I am always searching for a good recipe that uses smoked sausage. I buy the stuff thinking, this will make an easy dinner and then when I want to use it I can't seem to think of anything good to make with it. And good luck finding a good recipe. Fortunately, I had a stroke of genius this go round and looked up Hillshire Farms website, http://www.gomeat.com/ which is chock full of tasty recipes for keilbasa and smoked sausage. I loved the Southwestern flavors in this recipe and I adapted it a little to take advantage of my well stocked pantry. You can use frozen corn but I thought this was the perfect use for canned corn.

Sausage Skillet Meal
1 pkg. smoked beef or turkey sausage (If you use the turkey sausage this meal will be lower in fat but full on taste)
1 TB olive oil
1 large zuchinni finely chopped
2 cans of corn, drained or 2 Cups of frozen
1/2 onion finely chopped
1 can of black beans, drained and rinsed
2 cups of rice cooked
1/2 to 3/4 Cup salsa
1 tsp chili powder
1 Cup cheddar or monterey jack cheese, shredded
1/4 Cup chopped cilantro (optional)
Salt and pepper to taste

Heat a skillet and add a TB of olive oil. Saute over med high heat sausage, zucchinni, corn and onions for 5 to 8 minutes or until onions are tender and sausage is slightly browned.

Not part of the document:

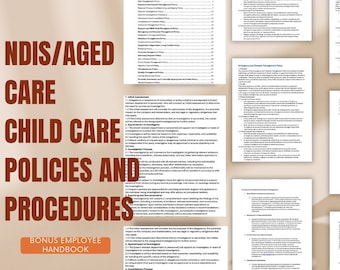 NDIS Kinderpflege Richtlinien und Verfahren Vorlage EDITIERBAR 17.000 + Wörter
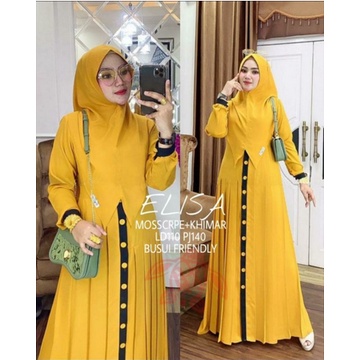 Pakaian Wanita Muslimah Trend Terbaru 2023 Fashion Muslim Dress Jumbo Syari Elisa Terkini Pesta Kond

Add black beans, rice, salsa and chil powder. Cook and stir for 5 minutes. Season with salt and pepper and top with shredded cheese and cilantro.

Saturday, March 6, 2010

Baked Sausage, Spinach 4 Cheese Penne

This baked penne turned out so addicting, I am sitting here two days later craving more. Wow it was good. Of course, I am self avowed pasta addict but this creamy cheesy pasta dish has me hooked. The surprising part for me (this recipe is the result of a sample from Bertolli courtesy of the Foodbuzz tastemaker program) is that it involves using a canned cream sauce. I actually have issues with most canned Italian cream sauces. They always have a funny consistency and aftertaste to me. I am kind of a fresh cream sauce snob. So I went into the review of Bertolli's new 4 Cheese Rosa Sauce with a little trepidation. I wanted to love it. I mean look at the gorgeous package they sent me. But as I said I have past issues with cream sauce. I decided to do a little alteration on one of the recipes they sent me.

Two reasons for this recipe: It sounded like it was right up my alley and secondly, I have a friend who reads this blog that has told me she needs recipes for her Italian sausage. So, Heather this one is for you and for anyone else that needs an absolutely decadent grown up version of baked mac and cheese. We have mentioned my cheapness on this blog before and I rarely buy pre-made sauces unless they are the cheapo Hunts or I make it from scratch.

So, I priced out Bertolli sauces today; because seriously I have every intention of keeping a bottle of this stuff in my pantry just so I can have it on hand to whip up a delish dish for company. Bertolli sauces run about $2.50 to $3 in my neck of woods. But considering the large quantity this dish makes I think it is worth the splurge. Because this dish really can feed 8 to 10 people (Excuse me, am I gushing).

Without further ado my new favorite Rosa Cream sauce pasta dish:


1 Cup ricotta cheese
2 Cups shredded Italian cheese mix or mozarella.
1 Tb dried basil
1 egg, slightly beaten
1/8 tsp pepper
1 lb Italian sausage removed from casings and cooked and crumbled
1 cup fresh spinach
1 jar Bertolli Four Cheese Rosa Sauce
8 oz of penne or rigatoni pasta, cooked and drained
2 Tb Italian seasoned dry bread crumbs
2 Tb grated parmesan cheese

Preheat oven to 350 degrees. Cook sausage until brown. Saute spinach in sausage drippings until slightly wilted. Combine ricotta cheese, 1 1/2 Cups shredded cheese, basil, egg, and pepper. Toss hot rigatoni with sauce, sausage and spinach in large casserole dish (11 x 7-inch). Stir in ricotta mixture.
Top with remaining shredded cheese, bread crumbs and parmesan. Bake covered for 25 minutes. Remove cover and bake an additional 5 minutes or until bread crumbs and cheese begins to brown and cheese is melted.

Next I am going to give their arrabbiata sauce a try.